Monday, June 13, 2016


Weekly Opinion/Editorial

by Steve Fair

     The “lesser of two evils” principle is the principle that when faced with a choice between two unpleasant options, the one least harmful should be chosen.  Situational ethics is the doctrine of flexibility in the application of moral laws according to circumstances.  Both of these principles are rooted in theology.  Some say the two principles are one and the same, but they are not.  The fact is everyone makes a choice between the ‘lesser of two evils” in every election.  All people, regardless of political Party affiliation, theology/philosophy, education, cultural background, or gender have an inherent sin nature, so every candidate on the ballot is evil, in varying degrees.  It is certainly a voter’s right to abstain and not vote in any race, but to use the argument that they can’t bring themselves to vote for the “lesser of two evils,” shows they are ignorant of the true nature of man.
     Situational ethics on the other hand is a different matter.  In practice, situational ethics had been around for centuries, but the theory itself was systematized by Joseph Fletcher in the 1960s.  A Harvard Divinity School professor, Fletcher was a leading academic proponent of the potential benefits of abortion, infanticide, euthanasia, eugenics and cloning.  “We need to educate people to the idea that the quality of life is more important than mere length of life.
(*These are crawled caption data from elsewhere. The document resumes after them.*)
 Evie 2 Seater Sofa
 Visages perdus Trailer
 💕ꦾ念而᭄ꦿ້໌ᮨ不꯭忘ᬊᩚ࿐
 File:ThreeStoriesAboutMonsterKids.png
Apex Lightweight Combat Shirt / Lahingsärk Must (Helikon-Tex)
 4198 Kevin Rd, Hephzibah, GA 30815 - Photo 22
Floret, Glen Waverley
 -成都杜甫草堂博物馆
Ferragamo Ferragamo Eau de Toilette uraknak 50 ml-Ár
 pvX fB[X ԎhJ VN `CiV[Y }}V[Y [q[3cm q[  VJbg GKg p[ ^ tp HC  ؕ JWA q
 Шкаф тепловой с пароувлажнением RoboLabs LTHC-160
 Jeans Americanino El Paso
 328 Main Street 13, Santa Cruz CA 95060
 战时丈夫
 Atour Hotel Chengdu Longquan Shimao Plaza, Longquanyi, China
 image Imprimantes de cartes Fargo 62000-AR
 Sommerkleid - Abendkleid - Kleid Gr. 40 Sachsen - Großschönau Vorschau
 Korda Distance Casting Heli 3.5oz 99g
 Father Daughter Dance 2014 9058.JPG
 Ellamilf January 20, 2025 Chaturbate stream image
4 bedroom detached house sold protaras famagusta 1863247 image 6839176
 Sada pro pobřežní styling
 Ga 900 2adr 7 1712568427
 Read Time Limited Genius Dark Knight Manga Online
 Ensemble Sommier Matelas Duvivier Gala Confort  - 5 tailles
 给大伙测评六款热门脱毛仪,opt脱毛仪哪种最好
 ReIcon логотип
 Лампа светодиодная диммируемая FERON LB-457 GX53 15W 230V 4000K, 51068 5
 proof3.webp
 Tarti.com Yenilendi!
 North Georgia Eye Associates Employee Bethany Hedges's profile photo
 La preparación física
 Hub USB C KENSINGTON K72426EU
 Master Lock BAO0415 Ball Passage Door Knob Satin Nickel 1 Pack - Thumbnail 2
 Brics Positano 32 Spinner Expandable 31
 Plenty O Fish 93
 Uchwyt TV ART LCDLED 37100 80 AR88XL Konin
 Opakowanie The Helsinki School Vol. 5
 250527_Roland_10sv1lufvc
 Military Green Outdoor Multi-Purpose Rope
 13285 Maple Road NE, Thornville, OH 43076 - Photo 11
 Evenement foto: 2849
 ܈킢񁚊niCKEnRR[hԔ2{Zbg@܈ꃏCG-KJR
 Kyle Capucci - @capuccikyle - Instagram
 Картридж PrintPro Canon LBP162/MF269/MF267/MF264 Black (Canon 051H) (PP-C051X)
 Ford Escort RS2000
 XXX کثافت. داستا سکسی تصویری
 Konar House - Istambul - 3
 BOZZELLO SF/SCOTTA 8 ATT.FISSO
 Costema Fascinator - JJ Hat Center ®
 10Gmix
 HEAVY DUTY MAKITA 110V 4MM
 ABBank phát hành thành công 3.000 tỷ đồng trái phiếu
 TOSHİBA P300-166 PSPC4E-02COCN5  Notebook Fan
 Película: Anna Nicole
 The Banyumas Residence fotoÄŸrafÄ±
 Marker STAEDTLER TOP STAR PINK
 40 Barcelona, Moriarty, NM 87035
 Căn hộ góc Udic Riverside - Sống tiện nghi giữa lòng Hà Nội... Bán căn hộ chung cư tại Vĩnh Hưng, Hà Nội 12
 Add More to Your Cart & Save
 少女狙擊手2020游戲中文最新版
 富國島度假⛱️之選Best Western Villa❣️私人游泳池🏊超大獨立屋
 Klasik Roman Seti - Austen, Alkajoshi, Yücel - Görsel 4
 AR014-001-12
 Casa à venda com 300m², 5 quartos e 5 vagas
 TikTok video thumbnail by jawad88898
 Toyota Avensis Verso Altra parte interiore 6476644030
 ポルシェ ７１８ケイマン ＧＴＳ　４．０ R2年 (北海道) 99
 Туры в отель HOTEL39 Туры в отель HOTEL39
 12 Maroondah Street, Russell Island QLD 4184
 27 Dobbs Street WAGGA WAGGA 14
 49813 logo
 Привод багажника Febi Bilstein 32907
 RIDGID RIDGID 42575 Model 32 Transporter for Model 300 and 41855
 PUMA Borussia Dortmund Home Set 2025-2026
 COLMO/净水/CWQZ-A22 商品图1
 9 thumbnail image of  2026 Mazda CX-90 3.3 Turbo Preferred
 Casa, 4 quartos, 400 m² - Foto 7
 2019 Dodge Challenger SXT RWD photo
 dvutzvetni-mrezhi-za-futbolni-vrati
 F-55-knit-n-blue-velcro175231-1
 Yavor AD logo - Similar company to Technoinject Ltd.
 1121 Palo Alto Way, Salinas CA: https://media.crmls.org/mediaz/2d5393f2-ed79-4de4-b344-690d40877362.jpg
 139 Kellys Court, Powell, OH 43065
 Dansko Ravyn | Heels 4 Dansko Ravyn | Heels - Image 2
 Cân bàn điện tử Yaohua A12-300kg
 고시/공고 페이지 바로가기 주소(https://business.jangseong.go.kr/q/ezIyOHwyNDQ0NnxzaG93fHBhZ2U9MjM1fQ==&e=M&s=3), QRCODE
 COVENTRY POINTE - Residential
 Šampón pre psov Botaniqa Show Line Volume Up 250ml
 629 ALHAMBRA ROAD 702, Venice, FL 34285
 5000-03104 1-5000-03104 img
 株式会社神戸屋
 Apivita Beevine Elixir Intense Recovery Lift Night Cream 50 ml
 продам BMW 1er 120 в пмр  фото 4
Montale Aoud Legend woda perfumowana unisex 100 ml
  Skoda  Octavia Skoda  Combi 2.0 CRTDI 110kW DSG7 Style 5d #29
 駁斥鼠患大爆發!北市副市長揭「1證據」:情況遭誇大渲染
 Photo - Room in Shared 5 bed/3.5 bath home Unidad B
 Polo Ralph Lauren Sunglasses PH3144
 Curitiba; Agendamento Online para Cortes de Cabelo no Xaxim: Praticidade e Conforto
Our cultural tradition holds that life has absolute value, but that is really not good enough anymore. Sometimes, no life is better," Fletcher said.  Fletcher advocated that all decisions regarding interaction with others should be pragmatic, relative, positive and personal.  Fletcher proposed that loving ends justify any means. Fletcher claimed situational ethics provided a balance between Antinomianism (no law) and legalism (all law).  But Fletcher’s theory is self-contradictory.  If there are no absolutes, except love in every situation, where is God in the equation?  Those who practice situational ethics remove God from the throne as the moral sovereign of the universe, and substitute man in His place.  Situationists have no true north- no absolute truth, except their conscience.  Jeremiah 17 says the heart of man is deceitful- you simply can’t trust your heart.
     As we approach the 2016 elections, you will have opportunity to interact with many candidates for office.  Question them on their stance on issues, but if you want to know what guides how they will govern, ask them their philosophy on these two important theological/philosophical principles- the nature of man and situational ethics.  If a candidate believes man is basically good and all we need to do is change their circumstances, then they will likely do anything to help improve those circumstances, including spending more tax dollars.  If a candidate believes that circumstances dictate how you respond (situational ethics), then they don’t believe in absolute truth, so they will likely change their position on issues depending on the circumstances.  Probing into how a candidate will make decisions will give you a much better idea of what type of elected official they will be.  Be prepared to have candidates give you a blank stare when you ask them ‘philosophical’ questions and not ‘issue’ questions, but be persistent.  Their worldview is more critical than where they stand on a single issue.  Issues change, but their worldview will guide their decision making process.
       A word of caution; many political candidates will give you the right answers, but watch the works of their campaigns.  They don’t always walk the walk.  Candidates, including many professing Christian candidates, have been duped into believing it is acceptable to lie, cheat, steal, gossip, and backbite to win an election.  God doesn’t bless that mess.  That is nothing more than situational ethics.   
      So go out on June 28th AND November 8th and vote for the candidate who has a worldview consistent with yours.  Make no mistake; they will be the lesser of two evils because until Jesus Christ is on the ballot, you will always be voting for the “lesser of two evils.”


Sandra Crosnoe said...

I believe the headline should be worldview (dang autocorrect) ;-) and I agree!/sc

Allie Burgin said...

Good article Steve. At university they will try to get you to believe there are no absolute truths, but they are wrong. The Gods of the Copybook Headings by Rudyard Kipling is my favorite poem and it portrays this message perfectly.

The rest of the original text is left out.